## Exercise brief
The response must consist of the lines below from the one with "Nýttu sé parkour" through the one with "Two-Bedroom Deluxe Apartment with Balcony", exactly as they appear and with both ends kept.

## The input
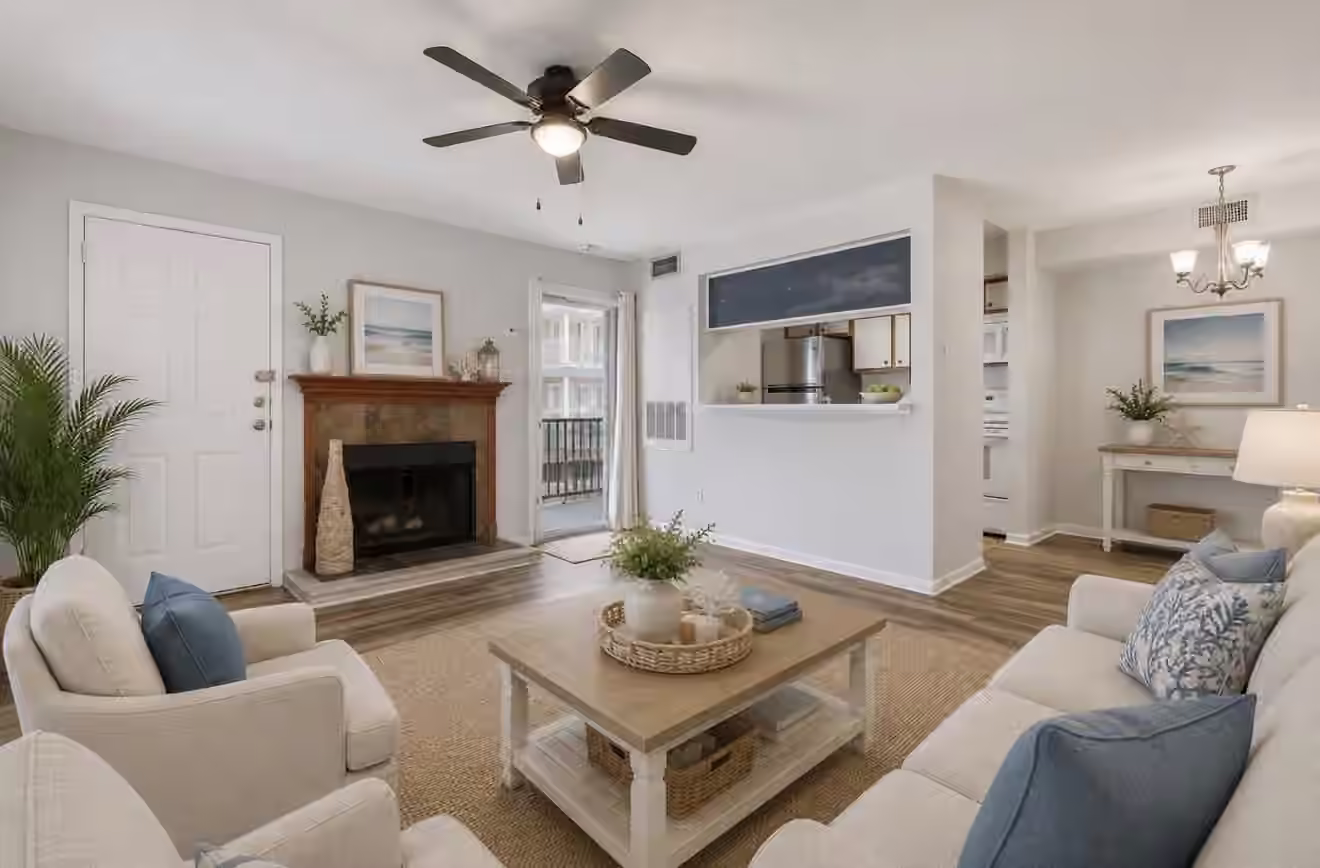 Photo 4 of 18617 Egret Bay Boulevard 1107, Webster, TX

...

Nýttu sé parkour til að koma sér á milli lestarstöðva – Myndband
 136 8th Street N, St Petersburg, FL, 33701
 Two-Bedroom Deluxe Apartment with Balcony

## Output of the exercise
Nýttu sé parkour til að koma sér á milli lestarstöðva – Myndband
 136 8th Street N, St Petersburg, FL, 33701
 Two-Bedroom Deluxe Apartment with Balcony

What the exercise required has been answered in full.